Installation of FLARE
=====================

************
Requirements
************

1. Create a new conda environment to install flare

.. code-block:: bash

    conda create --name flare python=3.8
    conda activate flare

2. Use conda to install compilers and dependencies for flare

* Option 1: You can load modules if your machine have already installed them (with mkl)

.. code-block:: bash

    module load cmake/3.17.3 gcc/9.3.0 intel-mkl/2017.2.174

* Option 2: If you want to install flare with mkl
    
.. code-block:: bash

    conda install -y gcc gxx cmake mkl-devel mkl-service mkl_fft openmp -c conda-forge
    
* Option 3: If you want to install flare with openblas + lapacke
    
.. code-block:: bash

    conda install -y gcc gxx cmake openmp liblapacke openblas -c conda-forge

3. Download flare code from github repo and pip install 

.. code-block:: bash

    git clone -b development https://github.com/mir-group/flare.git
    cd flare
    pip install .


******************************
Developer's installation guide
******************************

After loading modules as above, we use ``cmake`` to compile the c++ code 

.. code-block:: bash

    git clone git@github.com:mir-group/flare.git
    cd flare
    mkdir build
    cd build
    cmake ..
    make -j

Then copy the c-library file into the python code folder to make it importable through python

.. code-block:: bash

    cp _C_flare*.so ../flare/bffs/sgp
    cd ..

Finally, add the path of ``flare`` to ``PYTHONPATH``, such that you can ``import flare`` in python. 

.. code-block:: bash

    export PYTHONPATH=${PYTHONPATH}:<current_dir>

An alternative way is setting ``sys.path.append(<flare path>)`` in your python script.


***********************
Test FLARE installation
***********************

After the installation is done, you can leave the current folder and in the python console, try

.. code-block:: ipython

    >>> import flare
    >>> flare.__file__
    '/xxx/.conda/envs/flare/lib/python3.8/site-packages/flare/__init__.py'
    >>> import flare.bffs.sgp

You can also check that the flare C++ library is linked to mkl (or openblas and lapacke) and openmp by

.. code-block:: bash

    ldd /xxx/.conda/envs/flare/lib/python3.8/site-packages/flare/bffs/sgp/_C_flare.*.so

where it is expected to show libmkl (or libopenblas), libgomp etc.

****************
Trouble shooting
****************

* If it fails to build mir-flare during pip install, check whether you have done `conda install cxx-compiler`, then it sometimes does not find the correct g++, i.e. `which gcc` gives the conda’s gcc, while `which g++` still gives the local one. In such case, try `conda uninstall cxx-compiler gxx`, and then redo `conda install gxx -c conda-forge`

* If you get the error that `mkl.h` is not found during pip install, first check `conda list` that `mkl-include` is installed in the current environment. You can also use your own mkl headers by setting environment variable `MKL_INCLUDE` to the directory

* If you manage to install flare, but get warning when `import flare.bffs.sgp`, then please check

    * `which pip` should show that `pip` is in the `.conda/envs/flare/bin/` directory, instead of others

    * the `ldd` command above should show the linked libraries in the `.conda/envs/flare` directory

* If you encounter `Intel MKL FATAL ERROR` when running flare (after the compilation has done), this is likely a static library linkage issue. You can set up the environmental variable

.. code-block:: bash

    export LD_PRELOAD=${CONDA_PREFIX}/lib/libmkl_core.so:${CONDA_PREFIX}/lib/libmkl_intel_thread.so:${CONDA_PREFIX}/lib/libiomp5.so

as instructed in `this discussion <https://community.intel.com/t5/Intel-oneAPI-Math-Kernel-Library/mkl-fails-to-load/m-p/1155538>`_.

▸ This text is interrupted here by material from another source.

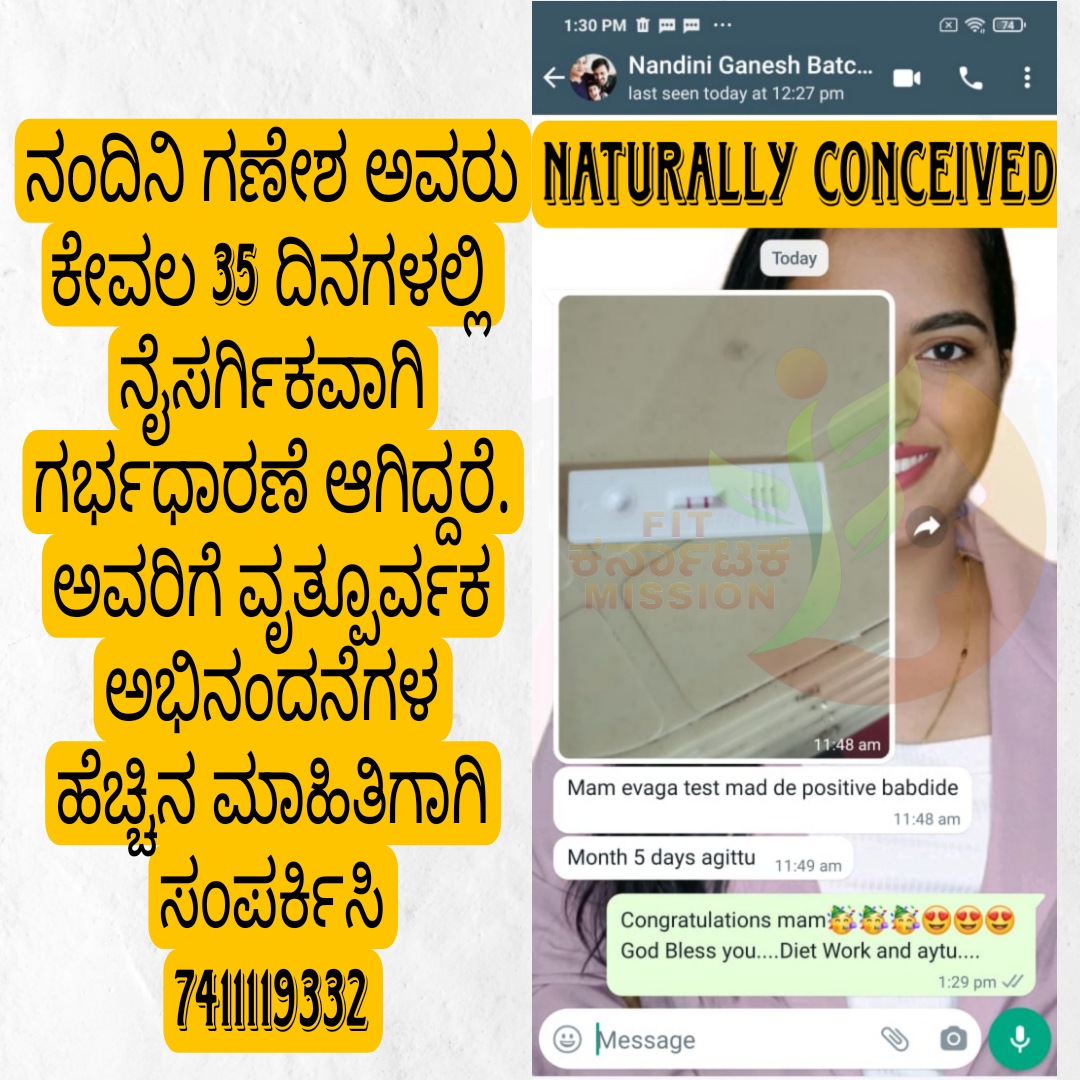 {"remix_data":[],"remix_entry_point":"challenges","source_tags":["local"],"origin":"unknown","total_draw_time":0,"total_draw_actions":0,"layers_used":0,"brushes_used":0,"photos_added":0,"total_editor_actions":{},"tools_used":{"transform":1,"square_fit":1,"addons":2},"is_sticker":false,"edited_since_last_sticker_save":true,"containsFTESticker":false,"used_sources":{"version":1,"sources":[{"id":"294574503140201","type":"ugc"}]}}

*****************************************
Acceleration with multiprocessing and MKL
*****************************************

Sparse Gaussian Process model
-----------------------------

We use OpenMP for parallelization, so please set

.. code-block:: bash

    export OMP_NUM_THREADS=<number of CPUs on a node>

such that the model parallelized into ``OMP_NUM_THREADS`` threads.

Full Gaussian Process model
---------------------------

If users have access to high-performance computers, we recommend 
Multiprocessing_ and MKL_ library set up to accelerate the training and prediction.
The acceleration can be significant when the GP training data is large.
This can be done in the following steps.

First, make sure the Numpy_ library is linked with MKL_ or Openblas_ and Lapack_.

.. code-block:: bash

    $ python -c "import numpy as np; print(np.__config__.show())"
    
If no libraries are linked, Numpy_ should be reinstalled. Detailed steps can be found in Conda manual_.

.. _MKL: https://software.intel.com/en-us/mkl
.. _Openblas: https://www.openblas.net/
.. _Lapack: http://www.netlib.org/lapack/
.. _manual: https://docs.anaconda.com/mkl-optimizations/
.. _Multiprocessing: https://docs.python.org/2/library/multiprocessing.html

Second, in the initialization of the GP class and OTF class, turn on the GP parallelizatition and turn off the OTF par.

.. code-block:: python

    gp_model = GaussianProcess(..., parallel=True, per_atom_par=False, n_cpus=2)
    otf_instance = OTF(..., par, n_cpus=2)

Third, set the number of threads for MKL before running your python script.

.. code-block:: bash

    export OMP_NUM_THREADS=2
    python training.py

.. note::

   The "n_cpus" and OMP_NUM_THREADS should be equal or less than the number of CPUs available in the computer.
   If these numbers are larger than the actual CPUs number, it can lead to an overload of the machine.

.. note::

   If gp_model.per_atom_par=True and OMP_NUM_THREADS>1, it is equivalent to run with OMP_NUM_THREADS * otf.n_cpus threads
   because the MKL calls are nested in the multiprocessing code. 

The current version of FLARE can only support parallel calculations within one compute node.
Interfaces with MPI using multiple nodes are still under development.

If users encounter unusually slow FLARE training and prediction, please file us a Github Issue.